I didn’t press him. Ever since Lela’s Irish goodbye in '79, I’d grown increasingly ambivalent about her. I had many questions, but it was clear to me that they would never be answered by her or by my father.
A few years later just before my college graduation, Dad came to visit me in Boston. He’d recently divorced wife number four and he wanted to take me on a road trip.
We spent two weeks exploring New England, including one of his favorite birding spots, Mt. Desert Island off the coast of Maine. I would sit on the rocks for hours, playing my horn over the Atlantic, while Dad studied the flora and fauna of Acadia National Park.
Dmitri Matheny - Mt. Desert Island, Maine | Summer 1988
In the evenings we’d enjoy delicious seafood dinners in Bar Harbor before retiring to our hotel, where we’d crack open a Sam Adams and reminisce. Perhaps because I’d been away for several years at Interlochen and Berklee, Dad was uncharacteristically talkative, so I took the opportunity to steer our conversation to wife number two, hoping to learn a little more about their brief time together and my own origin story.
I noticed that if I asked Dad a direct question (“How did you and Lela meet?”) he would abruptly change the subject, but if I introduced the topic in a more oblique way (“Where did you live before I was born?”) he would begin to wax nostalgic and eventually would find his own way to Lela-land.
I’ve forgotten much of what Dad told me during these late night chin wags, but I do recall him saying that Lela was raised in Chattanooga, not by her parents but by “two old maid aunts in a big house with white columns.” Apparently Lela and several members of her family (the Aults) had experienced “nervous breakdowns” and were “taken to the nut house.” Dad also mentioned a schizophrenic and homeless uncle who was known to wander the streets naked. “Every year they’d find him, clean him up, get him dressed, and bring him to Thanksgiving Dinner,” Dad said, shaking his head, adding “that whole family was crazy.”
I didn’t give these accounts much credence, chalking them up to a combination of heartbreak, hearsay, and hyperbole, but a few years later, when I repeated these stories to my fiancée in California, she expressed concern. “It’s important for us to know the medical history on both sides of your family,” Larissa explained, “especially since we want kids of our own.”

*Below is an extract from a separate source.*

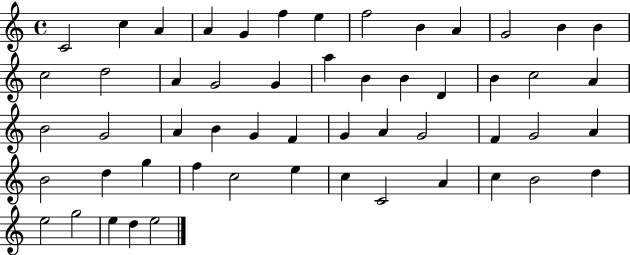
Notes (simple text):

C4/h C5/q A4/q A4/q G4/q F5/q E5/q F5/h B4/q A4/q G4/h B4/q B4/q C5/h D5/h A4/q G4/h G4/q A5/q B4/q B4/q D4/q B4/q C5/h A4/q B4/h G4/h A4/q B4/q G4/q F4/q G4/q A4/q G4/h F4/q G4/h A4/q B4/h D5/q G5/q F5/q C5/h E5/q C5/q C4/h A4/q C5/q B4/h D5/q E5/h G5/h E5/q D5/q E5/h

I agreed, so Lara and I traveled to Tennessee on a Lela fact-finding mission. We didn’t learn much about the family but we did find out a few revelatory things about my mother's adolescence.
In the microfiche archives of the Chattanooga Public Library we found the obituary for Lela’s paternal grandmother and namesake, Lela Elizabeth Ault (born Bryson) 1878-1953.
Lela Bryson Ault
July 26, 1878
Dec 12, 1953
Since the article included an address for the Ault family home, we drove over to take a look and, sure enough, it was a big house with white columns, looking like something straight out of Gone With The Wind. We knocked on the door but no-one answered.
Returning to the library we discovered my mother’s Chattanooga High School yearbooks. What a find! In official school portraits between 1957 and 1960, we see Lela Ault transform from a cute, mischievous girl into a mature, sophisticated young woman right before our eyes.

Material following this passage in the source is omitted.